#### [Extracted information]

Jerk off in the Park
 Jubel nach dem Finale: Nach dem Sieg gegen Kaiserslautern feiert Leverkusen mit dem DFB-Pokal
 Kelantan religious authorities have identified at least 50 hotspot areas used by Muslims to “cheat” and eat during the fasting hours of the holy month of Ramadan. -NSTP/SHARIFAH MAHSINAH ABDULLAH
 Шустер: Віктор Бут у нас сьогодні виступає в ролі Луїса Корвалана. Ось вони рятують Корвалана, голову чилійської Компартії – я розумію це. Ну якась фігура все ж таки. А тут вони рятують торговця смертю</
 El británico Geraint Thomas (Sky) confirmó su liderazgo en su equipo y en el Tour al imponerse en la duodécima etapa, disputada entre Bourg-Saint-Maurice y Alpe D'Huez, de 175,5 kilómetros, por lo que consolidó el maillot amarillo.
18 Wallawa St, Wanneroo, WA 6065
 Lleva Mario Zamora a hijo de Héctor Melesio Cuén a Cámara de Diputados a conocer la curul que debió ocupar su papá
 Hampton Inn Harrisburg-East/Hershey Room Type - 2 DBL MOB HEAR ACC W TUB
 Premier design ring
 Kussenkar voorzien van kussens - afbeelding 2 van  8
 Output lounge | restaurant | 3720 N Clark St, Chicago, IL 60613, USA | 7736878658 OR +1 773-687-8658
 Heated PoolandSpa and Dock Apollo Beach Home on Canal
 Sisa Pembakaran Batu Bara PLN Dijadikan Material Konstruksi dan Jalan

#### [Task brief]
Please copy exactly the lines from the first line of the records above through the line containing "Kussenkar voorzien van", including both, and nothing more.

#### [Solution to the exercise]
Jerk off in the Park
 Jubel nach dem Finale: Nach dem Sieg gegen Kaiserslautern feiert Leverkusen mit dem DFB-Pokal
 Kelantan religious authorities have identified at least 50 hotspot areas used by Muslims to “cheat” and eat during the fasting hours of the holy month of Ramadan. -NSTP/SHARIFAH MAHSINAH ABDULLAH
 Шустер: Віктор Бут у нас сьогодні виступає в ролі Луїса Корвалана. Ось вони рятують Корвалана, голову чилійської Компартії – я розумію це. Ну якась фігура все ж таки. А тут вони рятують торговця смертю</
 El británico Geraint Thomas (Sky) confirmó su liderazgo en su equipo y en el Tour al imponerse en la duodécima etapa, disputada entre Bourg-Saint-Maurice y Alpe D'Huez, de 175,5 kilómetros, por lo que consolidó el maillot amarillo.
18 Wallawa St, Wanneroo, WA 6065
 Lleva Mario Zamora a hijo de Héctor Melesio Cuén a Cámara de Diputados a conocer la curul que debió ocupar su papá
 Hampton Inn Harrisburg-East/Hershey Room Type - 2 DBL MOB HEAR ACC W TUB
 Premier design ring
 Kussenkar voorzien van kussens - afbeelding 2 van  8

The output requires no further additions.